A Tesla director who approved Elon Musk’s controversial 2018 pay plan says the high-profile Tesla CEO didn’t control the plan’s terms as he’s being accused of doing by a shareholder.
Musk’s pay package, which could reach as high as $55.8 billion based on the company’s valuation and the number of performance tranches he has met, is excessive and represents a conflict of interest since Musk was the controlling shareholder of the company at the time it was passed, says Richard Tornetta, the shareholder who filed suit against the company in 2018.
The dispute is being heard this week in the Court of the Chancery in Delaware by the same chancellor, Kathaleen McCormick, who oversaw Twitter’s lawsuit against Musk for performance of his agreement to buy the social media company. That suit never went to trial after Musk reversed course in late October and proceeded with the purchase.
Plaintiff’s attorneys say the compensation – even its $2.6 billion fair-value estimate at the time it was approved – is orders of magnitude above what any other well-compensated CEO earns.
Tornetta, owner of a company that makes after-market audio gear for cars and a one-time drummer for a heavy metal band called Dawn of Correction, owns nine shares of the company. In filing the suit on behalf of all shareholders, he claims the board, in passing the plan, was only doing the bidding of Musk, whose roughly 22% share of the company at the time made him the controlling shareholder.
The board passed the plan at a vote representing about 80% of the shareholders, considered low by board standards. CEO pay packages, considered a routine board function, typically pass with at least 95% of vote shares, according to proxy advisory firm Institutional Shareholder Services, which had advised against approving the plan, Reuters reported.
In Musk’s case, the vote was even lower if the two votes cast by him and his brother, Kimbal Musk, who is also a board member, are taken out. That would have dropped the vote to 73%.
When the board vote is broken down by shareholders represented, it passed by 63,014,339 saying yes to 23,407,632 saying no.
Given those margins, the vote suggests “there is support, but skepticism” among investors, says John Trentacoste, a former partner at pay consultant Farient Advisors, according to the Reuters report.
In a 2019 court decision denying a motion to dismiss the case, then-Chancellor Joseph Slights of the Delaware Court of Chancery acknowledged the pay structure is not unlike the package approved for Musk in 2012, when the company was struggling to meet early production goals. The company back then had a valuation of about $3.2 billion and Musk’s compensation was a nominal $1 plus incentive pay based on performance against the company stock price and operational goals.
Using that 2012 package as a model, according to Slights’ decision, the compensation committee in 2018 proposed a 10-year grant of stock options that would vest in 12 tranches, each contingent on reaching market capitalization and operational milestones.
On reaching each milestone, options held by Musk representing 1% of Tesla’s outstanding shares would vest.

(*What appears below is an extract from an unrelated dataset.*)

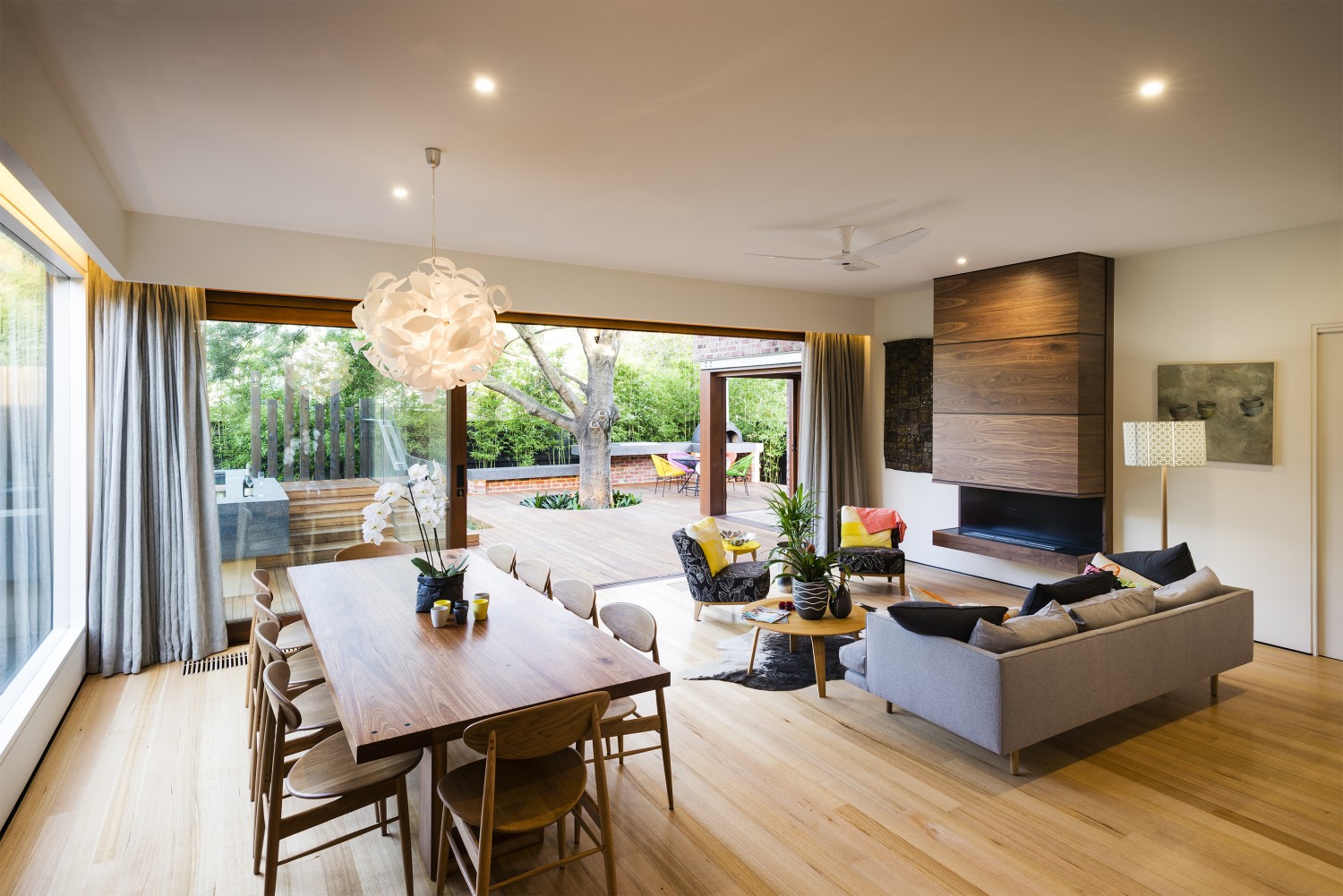 Melbourne Custom Homes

Because Musk’s shares are tied to outstanding shares at the time of the grant, as opposed to 1% of the fully diluted shares at the time of vesting, Musk, and not other shareholders, would absorb the cost of dilution. What’s more, options that don’t vest within 10 years are forfeited and no options will vest if Musk isn’t CEO or other top officer of the company.
By structuring the package that way, according to the decision, the board was trying to keep Musk tied to the company.
At the time the package was approved, the company was valued at around $57 billion. Its valuation rose to $1 trillion briefly in 2021, the first time a company had ever crossed that threshold, and today it’s at close to $607 billion. That means Musk stands to make $56 billion when he’s fully vested in the shares.
Entire fairness standard
By typical business judgment standards, corporate boards are granted wide latitude in approving CEO pay packages, but in his decision to deny defendants’ motion to dismiss in 2019, Slights said that an entire fairness standard rather than a business judgment standard applied, given the extraordinary pay that was at issue.
“I conclude entire fairness is the applicable standard at this pleadings stage given Plaintiff’s well-pled allegations,” Slights said.
Defense counsel are arguing that Musk stood to earn nothing if the company didn’t meet its goals, a structure that was chosen to keep the entrepreneur engaged with the company at a time when his attention was divided among Tesla, his rocket company SpaceX and several other business ventures, including the Boring Company, which digs tunnels.
“At a critical juncture for the company, the plan motivated Musk to focus his exceptional talents on Tesla when Musk’s future with Tesla was uncertain, especially given his other interests and opportunities,” defense counsel said in a court filing, according to Reuters.
They said the plan was created by the board’s compensation committee with help from outside counsel and Compensia, an advisory firm.
Ira Ehrenpreis, a Tesla board member and compensation committee member who managed the back-and-forth over the pay plan, testified this week that Musk didn’t dictate the terms of the package, which he described as “extraordinarily ambitious and difficult,” The Wall Street Journal reported.
Plaintiff’s counsel are trying to make the case that the board was too much under the influence of Musk for the vote on his compensation package to be independent of what he wanted, a breach of their fiduciary duty, and was unfair to the company.
The trial is scheduled to end this week and a decision is expected early next year, according to Reuters. The decision could be appealed to the Delaware Supreme Court.